Background

Coronavirus disease 2019 and the world’s mental health

In the beginning of 2020, the world was suddenly rampaged by a pandemic that affected the lives of all human beings around the globe, namely, induced by the new coronavirus disease 2019, or COVID-19 [1]. The pandemic has caused governments to initiate and enforce many precautionary measures. This, in turn, isolated a large proportion of the world's population and impeded their communication with family members, friends, and even coworkers. As a consequence of this social isolation, people in many societies and cultures became under great pressure and faced profound disruptions of their mental health and psychological well-being [2].

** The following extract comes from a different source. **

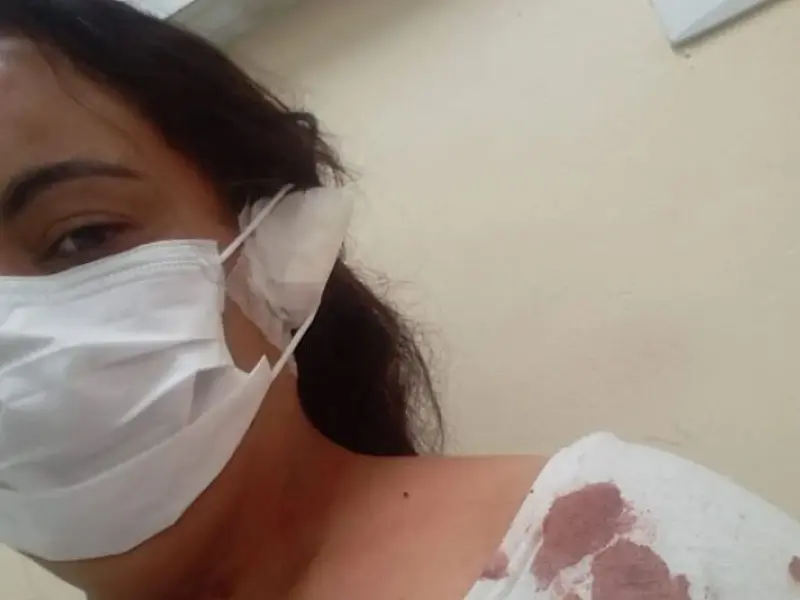 Briga em Bertioga por som alto termina com orelha mordida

Over the coming months and years, even after the end of this pandemic, the number of people who need psychological support is expected to increase [3], not only for those who suffer from psychological disorders [4], but also for those who are under daily pressure due to the unusual conditions in which the world has come to live during total or partial home quarantine procedures [5]. The psychological distress associated with the pandemic has affected the well-being of the Saudi Arabian community, similar to the way it affected people in many countries, including students, health care professionals, and the general public. Whereas well-being is an important determinant of health and social outcomes, measures of positive and negative mental health states are needed for population-based research, especially after the pandemic.

A number of Saudi researchers have recognized the negative psychological consequences of the COVID-19 pandemic in samples from the Saudi Arabian community. For instance, Al-Ateeq et al. [6] used the Arabic version of the perceived stress scale to investigate social and demographic characteristics, psychological stress, and fears associated with the COVID-19 outbreak in a sample of 376 Saudi high school and university students, the majority of whom were female. The researchers found that more than half of the participants (55%) showed moderate levels of stress, and 30% showed high levels of stress. Aljemaiah et al. [7] also studied pandemic-related psychological distress among the Saudi Arabian public community using the Arabic version of the four-dimensional symptoms questionnaire. The study sample included 347 participants who showed high levels of stress and symptoms of depression, anxiety, and somatization. Furthermore, to measure depression and anxiety levels among health care providers during the outbreak, the study of Al-Ateeq et al. [8] used Arabic versions of the patient health questionnaire and the general anxiety scale to examine a sample of 502 health care providers working in the Ministry of Health in Saudi Arabia. The providers in the sample represented various health professions, such as administrators, nurses, physicians, specialists, technicians, and pharmacists. The results showed that more than half of the sample had depressive disorders (55.2%). Anxiety disorders were also detected in approximately half of the sample (51.49%). More validated mental health screening measures that assess both negative and positive aspects of psychological well-being are needed in the Saudi Arabian community due to the pandemic's effects on people's overall mental health. One short measure that is quite commonly used is the General Health Questionnaire (GHQ), created by Goldberg [9]. This measure was validated for use with the general population samples in various cultures [10], including the Arabian culture [11]. The examination of the scale’s validity in the Arabic literature is still limited.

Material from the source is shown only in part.